Slow Cooker Pumpkin Soup

This easy soup will really warm you up on a winter evening!

INGRIDIENT

DIRECTION

Step: 1

Heat the olive oil in a large skillet over medium-high heat. Add pumpkin and onion; cook and stir until lightly browned. Transfer to a slow cooker. Pour in enough chicken broth to cover the pumpkin. Tie the rosemary, thyme, sage, cinnamon, and bay leaves into a piece of cheesecloth, and place in the slow cooker. Cover and cook on Low for 4 hours.

Step: 2

After 4 hours, remove the herb sachet. Stir in the cream, and puree the soup with a hand blender until smooth. Serve.

NUTRITION FACT

Per Serving: 129 calories; protein 2.7g; carbohydrates 15.5g; fat 7.7g; cholesterol 20.7mg; sodium 265.3mg.

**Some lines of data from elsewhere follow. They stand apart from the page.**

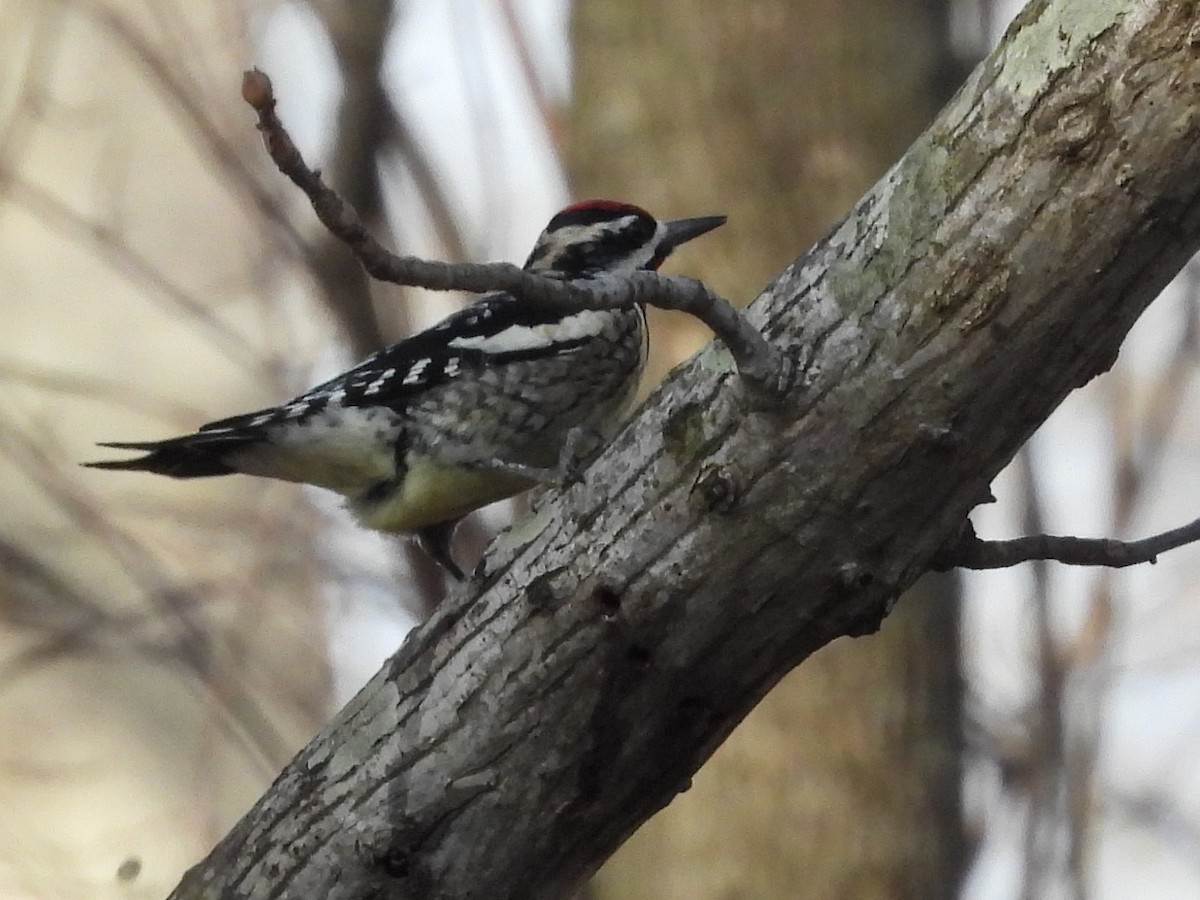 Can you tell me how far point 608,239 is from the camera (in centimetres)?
280

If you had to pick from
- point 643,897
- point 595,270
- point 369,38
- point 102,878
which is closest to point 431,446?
point 595,270

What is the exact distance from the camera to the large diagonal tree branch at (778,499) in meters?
1.36

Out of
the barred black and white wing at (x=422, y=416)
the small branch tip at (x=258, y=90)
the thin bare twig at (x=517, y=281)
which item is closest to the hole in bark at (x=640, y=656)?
the thin bare twig at (x=517, y=281)

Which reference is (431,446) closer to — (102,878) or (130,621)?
(130,621)

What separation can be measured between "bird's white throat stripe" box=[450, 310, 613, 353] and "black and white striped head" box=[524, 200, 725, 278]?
33 cm

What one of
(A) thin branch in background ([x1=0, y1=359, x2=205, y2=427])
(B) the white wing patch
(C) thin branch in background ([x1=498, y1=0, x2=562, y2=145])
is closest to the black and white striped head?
(B) the white wing patch

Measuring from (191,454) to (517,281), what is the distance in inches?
52.0

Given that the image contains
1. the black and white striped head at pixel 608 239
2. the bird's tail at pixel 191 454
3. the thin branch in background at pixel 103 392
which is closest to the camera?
the bird's tail at pixel 191 454

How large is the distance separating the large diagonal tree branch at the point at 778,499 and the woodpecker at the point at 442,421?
0.67 metres

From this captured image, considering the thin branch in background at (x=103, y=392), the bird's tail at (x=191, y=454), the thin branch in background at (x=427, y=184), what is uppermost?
the thin branch in background at (x=103, y=392)

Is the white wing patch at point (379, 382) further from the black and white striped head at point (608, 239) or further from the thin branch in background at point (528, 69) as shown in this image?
the thin branch in background at point (528, 69)

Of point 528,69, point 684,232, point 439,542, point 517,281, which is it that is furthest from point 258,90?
point 528,69

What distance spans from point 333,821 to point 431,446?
0.81 metres

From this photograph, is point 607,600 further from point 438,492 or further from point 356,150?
point 356,150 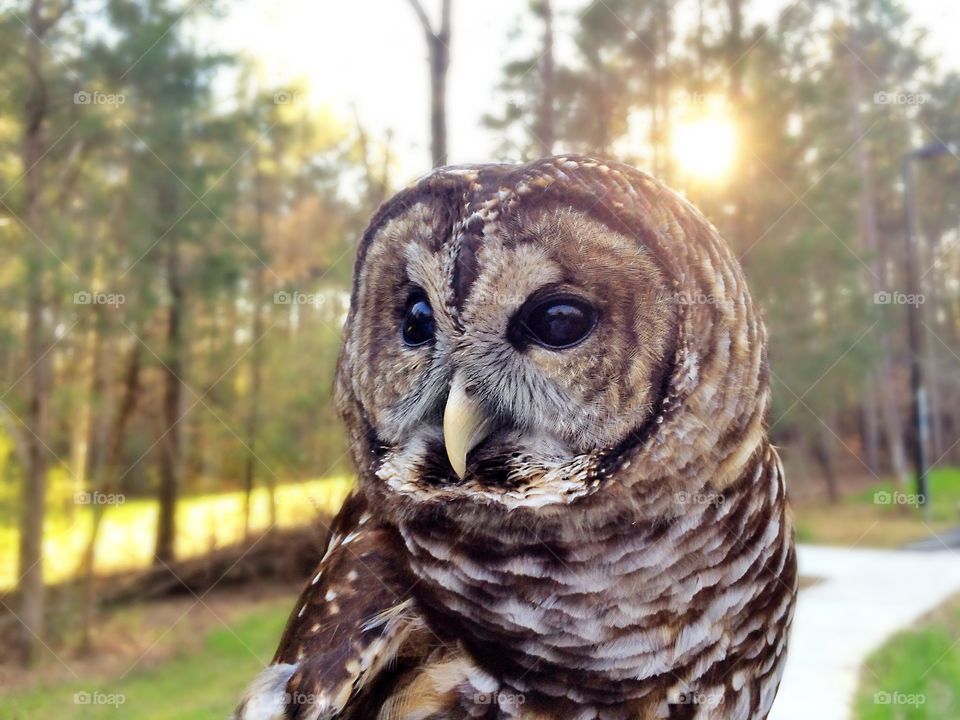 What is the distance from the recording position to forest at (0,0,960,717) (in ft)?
18.8

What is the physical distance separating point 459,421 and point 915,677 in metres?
4.56

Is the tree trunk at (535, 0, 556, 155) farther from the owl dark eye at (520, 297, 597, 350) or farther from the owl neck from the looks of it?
the owl neck

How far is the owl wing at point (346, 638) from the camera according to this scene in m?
1.44

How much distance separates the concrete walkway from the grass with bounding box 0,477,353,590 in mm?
4257

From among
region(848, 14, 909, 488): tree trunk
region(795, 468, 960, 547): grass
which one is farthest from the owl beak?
region(795, 468, 960, 547): grass

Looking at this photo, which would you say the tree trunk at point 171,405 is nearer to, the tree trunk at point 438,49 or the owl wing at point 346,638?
the tree trunk at point 438,49

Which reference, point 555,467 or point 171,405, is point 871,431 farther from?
point 555,467

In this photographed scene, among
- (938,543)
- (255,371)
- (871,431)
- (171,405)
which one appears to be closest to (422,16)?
(255,371)

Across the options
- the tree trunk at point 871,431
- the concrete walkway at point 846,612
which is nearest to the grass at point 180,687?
the concrete walkway at point 846,612

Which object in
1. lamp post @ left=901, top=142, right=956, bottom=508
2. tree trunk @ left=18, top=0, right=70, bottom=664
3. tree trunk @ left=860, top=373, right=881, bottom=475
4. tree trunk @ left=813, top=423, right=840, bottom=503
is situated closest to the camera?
tree trunk @ left=18, top=0, right=70, bottom=664

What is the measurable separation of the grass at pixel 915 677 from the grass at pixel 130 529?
4603 millimetres

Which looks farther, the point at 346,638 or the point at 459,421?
the point at 346,638

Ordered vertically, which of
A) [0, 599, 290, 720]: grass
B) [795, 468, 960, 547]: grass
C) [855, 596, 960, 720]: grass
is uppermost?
[855, 596, 960, 720]: grass

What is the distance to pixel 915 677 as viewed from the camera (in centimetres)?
450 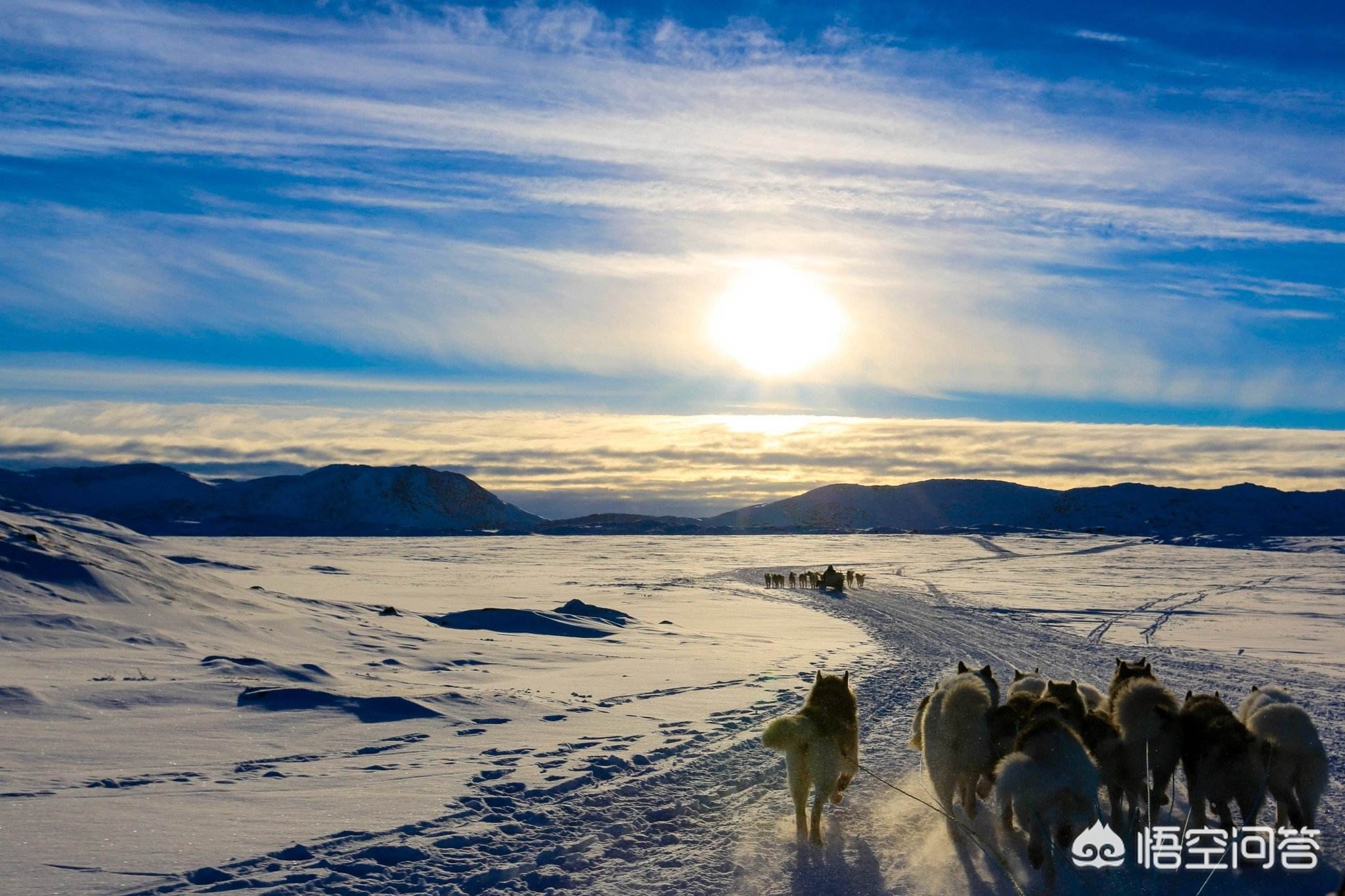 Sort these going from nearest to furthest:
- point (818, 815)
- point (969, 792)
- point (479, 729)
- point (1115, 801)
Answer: point (818, 815) → point (1115, 801) → point (969, 792) → point (479, 729)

The word “stew” can refer to both a food and a cooking method. Stewing involves not fast cooking piece of meat, raw fruit or beans in a flavorful liquid . It’s similar to braising, but it does have a few notable differences. The meat is chopped into few of pieces instead of being processing menu whole , and the water based material all of it covers the essential in a stew as compared to a braise’s halfway full . When meat or raw fruit are cooked using this method, the resulting dish is called stew.

Stew has a perception for being a rib-sticking eating process that comfortable you up on a freezing , winter day. It’s right that ; a bowl of classic beef stew can make warming featured food , but stew’s comfort factor goes way beyond preserving you from the cold . It’s all about those soft and chunks of food and vegetables, swimming in a thick, ultra-rich gravy. The more they come together make the ultimate comfort food, no matter the weather.